On November 30, 1996, about 1740 eastern standard time, a Piper PA-28-181, N4839F made a forced landing in mountainous terrain near Long Pond, Pennsylvania. The airline transport rated pilot and two passengers received serious injuries while one passenger received minor injuries. The airplane was substantially damaged. Instrument meteorological conditions prevailed, and an IFR flight plan was filed. The departure point was Montague, Massachusetts and the flight was conducted under 14 CFR Part 91.

The trip originated at Alexandria Airport, Pittstown, New Jersey, on November 29, when the pilot and passengers flew to Turners Falls Airport, Montague. The pilot reported that the fuel tanks were full (48 gallon useable) at the time of departure. No servicing was accomplished while the airplane on the ground at Turners Falls. The return flight occurred the following day. On the preflight at Montague, the fuel level was observed to be on the low side of the tabs in the tanks (fuel at the tabs is 17 gallons per side). At 1032, the pilot contacted the Burlington AFSS, and received a weather briefing during which he was given the possibility of freezing rain and light to moderate rime icing in clouds.

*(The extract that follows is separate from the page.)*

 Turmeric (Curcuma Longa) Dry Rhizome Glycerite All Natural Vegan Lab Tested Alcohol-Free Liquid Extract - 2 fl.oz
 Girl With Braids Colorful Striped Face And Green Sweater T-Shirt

At 1232, the pilot contacted the Burlington AFSS and filed an IFR flight plan and was again told of freezing rain aloft, and light to moderate clear ice. He was also told that freezing rain was present at Trenton, New Jersey, which was located 21 NM south-southeast of his planned destination. He filed the flight plan listing his time en route as 1 hour, 45 minutes, and 3 hours, 30 minutes of fuel onboard.

At 1514, the pilot called and receive his clearance, and was airborne at 1529. The flight was climbed to 6000 feet. At 1647, the pilot reported he was in light rime icing and requested 8000 feet which was approved.

At 1736:43, the pilot requested to proceed direct to Allentown, Pennsylvania, (ABE), and then added, "yeah we're gonna stop get some ah petrol", which was approved. At 1737:49, the pilot transmitted, "...we'd like ah lower also ah we're getting down we're not minimum fuel but we're getting lower we'd like a direct as possible", which was also approved.

At 1740:35, the pilot transmitted, "okay we're out of fuel for three nine fox looks like mayday." The flight was given radar vectors to the Mount Pocono Airport which was north of the airplane's position.

At 1741:49, the controller advised the pilot that the Mount Pocono Airport was at his 12 o'clock position and about 7 miles. At 1741:56, the pilot replied, "three nine fox can't reach it." That was the last transmission received from the airplane.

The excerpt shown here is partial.